Marvel Comics' bankruptcy is perhaps most surprising given the company's recent success at the box office. But in 1996, Marvel filed for bankruptcy after its stock dropped about 80 percent that year. Luckily, the industry has soared back to life and Marvel is a dominate force once again.
The Chicago Cubs
The Cubs' 100 year losing streak is well known, so bankruptcy should be a foregone conclusion, right? Well, although the team's on-the-field performance has been lacking, Cubs games have one of the best attendance records in Major League baseball, landing in the top 10 every year for the last decade. But in 2009, the team filed for bankruptcy after its owner, the Tribune Company, had also filed for Chapter 11. The Ricketts family then purchased the Cubs for $845 million.
Trump Entertainment Resorts
In 2009, Trump Entertainment Resorts filed for bankruptcy, shortly after Donald Trump, chairman of the board of directors, resigned due to frustration with bondholders. The still-functioning company owed $1.25 billion, but has since paid its debt down considerably and still owns the rights to the Trump name.
Sbarro is the pizza place that so many people say they hate, but still secretly visit when they're desperate. The company filed for bankruptcy in 2011 to restructure, and the deal reduced the company's debt by an estimated $200 million. Sbarro has more than 1,000 locations around the world.
Six Flags Entertainment
The amusement park company filed for bankruptcy in 2009. By the fourth quarter of 2007, it owed $2.5 billion, but has now reduced its debt to a little under $1 billion. Investors are taking note of the improvements, with shares up 32 percent this year.
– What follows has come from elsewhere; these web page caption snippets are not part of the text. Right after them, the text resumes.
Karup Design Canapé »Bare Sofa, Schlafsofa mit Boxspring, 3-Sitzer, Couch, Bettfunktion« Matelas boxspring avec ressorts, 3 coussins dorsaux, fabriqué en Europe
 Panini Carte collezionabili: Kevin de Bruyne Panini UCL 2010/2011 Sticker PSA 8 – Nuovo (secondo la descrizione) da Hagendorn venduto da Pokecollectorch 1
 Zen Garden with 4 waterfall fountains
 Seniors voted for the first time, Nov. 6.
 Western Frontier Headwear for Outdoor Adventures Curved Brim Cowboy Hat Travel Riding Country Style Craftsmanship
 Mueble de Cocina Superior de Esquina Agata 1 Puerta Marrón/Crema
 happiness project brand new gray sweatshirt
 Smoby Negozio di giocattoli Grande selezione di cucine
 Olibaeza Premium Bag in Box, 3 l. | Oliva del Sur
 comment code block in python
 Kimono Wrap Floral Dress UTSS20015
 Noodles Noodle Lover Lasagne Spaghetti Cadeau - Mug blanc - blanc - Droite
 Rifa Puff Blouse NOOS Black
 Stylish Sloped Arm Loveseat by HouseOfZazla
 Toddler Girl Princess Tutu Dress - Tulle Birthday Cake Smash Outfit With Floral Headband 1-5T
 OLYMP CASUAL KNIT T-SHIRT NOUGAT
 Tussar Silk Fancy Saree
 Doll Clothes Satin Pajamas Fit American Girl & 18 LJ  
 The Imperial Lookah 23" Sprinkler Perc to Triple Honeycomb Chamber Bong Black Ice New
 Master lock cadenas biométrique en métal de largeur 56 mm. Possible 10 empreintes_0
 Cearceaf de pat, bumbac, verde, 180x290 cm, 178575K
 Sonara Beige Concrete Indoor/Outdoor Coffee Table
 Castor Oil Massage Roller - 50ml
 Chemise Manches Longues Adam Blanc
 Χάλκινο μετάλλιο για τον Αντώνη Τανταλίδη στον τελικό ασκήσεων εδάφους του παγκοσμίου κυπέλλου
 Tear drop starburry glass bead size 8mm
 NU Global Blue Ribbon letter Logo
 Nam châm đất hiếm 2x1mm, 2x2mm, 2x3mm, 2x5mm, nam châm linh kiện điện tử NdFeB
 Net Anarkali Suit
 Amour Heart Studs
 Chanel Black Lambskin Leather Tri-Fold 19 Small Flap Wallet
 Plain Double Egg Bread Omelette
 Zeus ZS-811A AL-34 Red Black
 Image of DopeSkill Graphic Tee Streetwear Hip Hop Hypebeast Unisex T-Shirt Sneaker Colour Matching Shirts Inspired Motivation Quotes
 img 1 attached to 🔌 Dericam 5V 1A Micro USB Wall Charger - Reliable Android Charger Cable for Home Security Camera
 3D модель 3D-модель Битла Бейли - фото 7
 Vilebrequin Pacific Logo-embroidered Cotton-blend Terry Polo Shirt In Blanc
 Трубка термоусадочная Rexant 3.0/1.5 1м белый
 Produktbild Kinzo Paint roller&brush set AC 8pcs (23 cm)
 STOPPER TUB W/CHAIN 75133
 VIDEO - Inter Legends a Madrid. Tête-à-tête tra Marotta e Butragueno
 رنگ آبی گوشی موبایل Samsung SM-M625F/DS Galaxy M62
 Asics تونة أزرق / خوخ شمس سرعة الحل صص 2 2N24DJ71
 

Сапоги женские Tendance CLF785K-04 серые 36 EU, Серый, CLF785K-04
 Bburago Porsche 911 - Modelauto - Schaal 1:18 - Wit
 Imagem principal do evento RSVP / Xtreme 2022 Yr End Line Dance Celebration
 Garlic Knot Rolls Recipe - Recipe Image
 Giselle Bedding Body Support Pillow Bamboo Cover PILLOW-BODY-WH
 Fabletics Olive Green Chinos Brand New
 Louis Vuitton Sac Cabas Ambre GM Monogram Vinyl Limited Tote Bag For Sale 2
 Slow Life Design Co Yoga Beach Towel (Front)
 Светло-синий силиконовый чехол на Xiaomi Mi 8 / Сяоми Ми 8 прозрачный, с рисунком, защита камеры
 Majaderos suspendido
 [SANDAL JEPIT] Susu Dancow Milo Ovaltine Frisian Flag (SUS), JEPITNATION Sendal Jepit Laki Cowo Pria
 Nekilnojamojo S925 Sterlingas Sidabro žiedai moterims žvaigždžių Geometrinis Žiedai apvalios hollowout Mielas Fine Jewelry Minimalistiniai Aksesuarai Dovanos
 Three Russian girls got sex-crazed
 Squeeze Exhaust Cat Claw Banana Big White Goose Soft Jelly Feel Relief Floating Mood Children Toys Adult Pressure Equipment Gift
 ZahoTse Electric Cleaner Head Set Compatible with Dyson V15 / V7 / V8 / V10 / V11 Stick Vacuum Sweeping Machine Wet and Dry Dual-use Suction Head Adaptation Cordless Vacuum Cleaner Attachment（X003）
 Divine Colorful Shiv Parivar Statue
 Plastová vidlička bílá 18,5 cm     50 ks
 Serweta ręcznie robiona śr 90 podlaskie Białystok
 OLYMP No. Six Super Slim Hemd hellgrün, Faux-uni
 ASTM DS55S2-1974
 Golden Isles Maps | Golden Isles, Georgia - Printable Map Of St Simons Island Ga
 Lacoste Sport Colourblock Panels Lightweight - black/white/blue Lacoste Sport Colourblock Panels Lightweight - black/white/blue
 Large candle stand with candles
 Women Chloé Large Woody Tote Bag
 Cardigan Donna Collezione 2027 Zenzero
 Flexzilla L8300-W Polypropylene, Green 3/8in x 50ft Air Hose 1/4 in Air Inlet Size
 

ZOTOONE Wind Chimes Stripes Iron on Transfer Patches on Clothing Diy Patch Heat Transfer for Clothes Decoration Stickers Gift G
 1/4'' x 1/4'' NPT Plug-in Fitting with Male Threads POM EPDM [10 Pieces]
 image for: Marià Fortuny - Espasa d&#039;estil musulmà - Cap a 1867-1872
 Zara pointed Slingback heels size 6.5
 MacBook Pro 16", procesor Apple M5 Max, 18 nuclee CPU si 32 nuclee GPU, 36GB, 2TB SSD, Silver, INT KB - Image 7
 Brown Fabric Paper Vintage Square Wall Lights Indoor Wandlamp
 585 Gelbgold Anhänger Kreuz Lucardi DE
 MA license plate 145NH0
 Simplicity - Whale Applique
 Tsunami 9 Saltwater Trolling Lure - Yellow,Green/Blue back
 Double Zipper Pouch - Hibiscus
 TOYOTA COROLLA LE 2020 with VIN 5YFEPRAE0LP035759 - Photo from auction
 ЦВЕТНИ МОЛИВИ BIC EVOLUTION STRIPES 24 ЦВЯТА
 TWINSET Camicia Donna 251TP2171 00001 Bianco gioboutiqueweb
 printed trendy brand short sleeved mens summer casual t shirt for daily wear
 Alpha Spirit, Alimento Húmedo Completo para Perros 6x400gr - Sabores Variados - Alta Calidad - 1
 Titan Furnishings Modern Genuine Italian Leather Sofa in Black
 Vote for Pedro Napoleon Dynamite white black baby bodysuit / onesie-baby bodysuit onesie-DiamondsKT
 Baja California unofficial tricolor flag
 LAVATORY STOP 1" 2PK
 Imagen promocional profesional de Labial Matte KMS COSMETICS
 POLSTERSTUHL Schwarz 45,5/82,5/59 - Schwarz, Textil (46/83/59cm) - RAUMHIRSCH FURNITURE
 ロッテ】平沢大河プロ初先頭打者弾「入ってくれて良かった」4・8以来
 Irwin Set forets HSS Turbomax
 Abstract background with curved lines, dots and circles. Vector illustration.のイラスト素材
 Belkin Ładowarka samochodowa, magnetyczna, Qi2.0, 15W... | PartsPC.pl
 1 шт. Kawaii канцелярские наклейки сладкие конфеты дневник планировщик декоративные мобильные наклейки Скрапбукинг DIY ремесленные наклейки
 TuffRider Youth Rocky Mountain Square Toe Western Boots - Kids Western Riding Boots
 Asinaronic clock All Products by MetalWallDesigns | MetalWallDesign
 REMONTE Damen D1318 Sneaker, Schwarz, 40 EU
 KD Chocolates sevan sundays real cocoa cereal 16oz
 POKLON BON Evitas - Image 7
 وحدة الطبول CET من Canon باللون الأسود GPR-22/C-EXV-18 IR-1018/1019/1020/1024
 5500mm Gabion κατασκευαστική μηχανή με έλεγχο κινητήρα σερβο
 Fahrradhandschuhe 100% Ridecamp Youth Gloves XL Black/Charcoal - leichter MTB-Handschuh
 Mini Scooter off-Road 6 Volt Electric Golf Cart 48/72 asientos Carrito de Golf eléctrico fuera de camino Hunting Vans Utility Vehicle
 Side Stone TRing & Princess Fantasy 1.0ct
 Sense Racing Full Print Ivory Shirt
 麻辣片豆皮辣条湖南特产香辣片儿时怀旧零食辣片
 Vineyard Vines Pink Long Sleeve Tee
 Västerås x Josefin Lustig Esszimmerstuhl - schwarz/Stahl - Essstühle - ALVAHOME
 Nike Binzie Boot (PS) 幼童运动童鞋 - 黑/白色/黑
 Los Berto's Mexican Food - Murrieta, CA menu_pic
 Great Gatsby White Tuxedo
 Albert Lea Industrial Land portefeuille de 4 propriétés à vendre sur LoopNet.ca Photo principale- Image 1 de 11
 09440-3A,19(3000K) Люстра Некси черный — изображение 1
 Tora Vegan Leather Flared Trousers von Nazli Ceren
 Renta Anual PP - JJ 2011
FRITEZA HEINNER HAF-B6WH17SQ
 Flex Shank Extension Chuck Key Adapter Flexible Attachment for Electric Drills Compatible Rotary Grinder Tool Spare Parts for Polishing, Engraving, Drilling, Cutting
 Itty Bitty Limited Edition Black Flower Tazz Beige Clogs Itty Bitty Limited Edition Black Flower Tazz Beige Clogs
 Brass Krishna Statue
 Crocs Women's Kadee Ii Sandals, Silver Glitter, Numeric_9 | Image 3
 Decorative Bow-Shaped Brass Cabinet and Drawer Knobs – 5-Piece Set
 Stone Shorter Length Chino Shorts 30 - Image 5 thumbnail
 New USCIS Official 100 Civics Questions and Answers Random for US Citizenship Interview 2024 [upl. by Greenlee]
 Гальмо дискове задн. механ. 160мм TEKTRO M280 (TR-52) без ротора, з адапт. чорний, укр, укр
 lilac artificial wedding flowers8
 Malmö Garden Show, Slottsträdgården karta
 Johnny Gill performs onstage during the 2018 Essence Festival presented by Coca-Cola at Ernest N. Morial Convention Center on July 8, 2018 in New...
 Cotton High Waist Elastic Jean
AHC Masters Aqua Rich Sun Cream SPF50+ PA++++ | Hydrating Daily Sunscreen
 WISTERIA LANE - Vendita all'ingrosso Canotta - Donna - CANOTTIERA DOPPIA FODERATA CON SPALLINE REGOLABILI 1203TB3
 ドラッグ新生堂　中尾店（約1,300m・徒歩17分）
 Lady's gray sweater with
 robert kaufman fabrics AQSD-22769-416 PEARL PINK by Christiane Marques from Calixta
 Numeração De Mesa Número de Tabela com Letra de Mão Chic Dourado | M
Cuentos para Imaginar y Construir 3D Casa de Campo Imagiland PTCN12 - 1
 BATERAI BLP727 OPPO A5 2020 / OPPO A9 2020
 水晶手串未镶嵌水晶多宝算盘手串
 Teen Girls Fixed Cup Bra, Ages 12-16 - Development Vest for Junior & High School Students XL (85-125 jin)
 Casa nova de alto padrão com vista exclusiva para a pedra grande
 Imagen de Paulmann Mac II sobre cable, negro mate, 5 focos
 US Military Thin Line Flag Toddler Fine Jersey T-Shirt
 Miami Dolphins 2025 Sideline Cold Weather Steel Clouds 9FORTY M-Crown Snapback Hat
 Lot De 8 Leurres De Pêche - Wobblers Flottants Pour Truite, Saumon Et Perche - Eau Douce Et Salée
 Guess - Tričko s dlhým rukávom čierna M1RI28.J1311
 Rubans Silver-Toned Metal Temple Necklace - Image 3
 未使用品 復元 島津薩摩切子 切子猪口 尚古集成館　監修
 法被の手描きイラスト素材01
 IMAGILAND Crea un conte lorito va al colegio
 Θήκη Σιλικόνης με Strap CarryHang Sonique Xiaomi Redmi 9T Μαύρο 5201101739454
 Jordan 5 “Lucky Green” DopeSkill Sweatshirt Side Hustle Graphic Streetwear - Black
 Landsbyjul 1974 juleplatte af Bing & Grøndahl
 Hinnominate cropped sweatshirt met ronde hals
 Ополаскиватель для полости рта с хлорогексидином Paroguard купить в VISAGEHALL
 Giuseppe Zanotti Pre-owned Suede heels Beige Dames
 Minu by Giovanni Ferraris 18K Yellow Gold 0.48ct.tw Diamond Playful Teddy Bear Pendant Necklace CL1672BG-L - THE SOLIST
An unprofitable oil company? In a time of billion dollar subsidies, it sounds crazy that a company could fold dealing in black gold. In the 1980s, though, Texaco was in a brutal legal battle with Pennzoil and ended up owing the company $10.5 billion. It filed for bankruptcy, got its house back in order and was bought out by Chevron in 2000, creating what is now one of the largest companies in the world. Ah, now that's the Big Oil we know and love.
The Pittsburgh Penguins
The Penguins finished the regular season with the best record in the Eastern Conference, though the team was eventually knocked out of the 2013 Stanley Cup Playoffs. But the team was once saddled with debt and had to file for bankruptcy in 1998, its second time doing so. The Penguins owed more than $90 million and the team was eventually bought by former player Mario Lemieux. He is still part owner today, and the team seems to have rebuilt itself into a competitive franchise.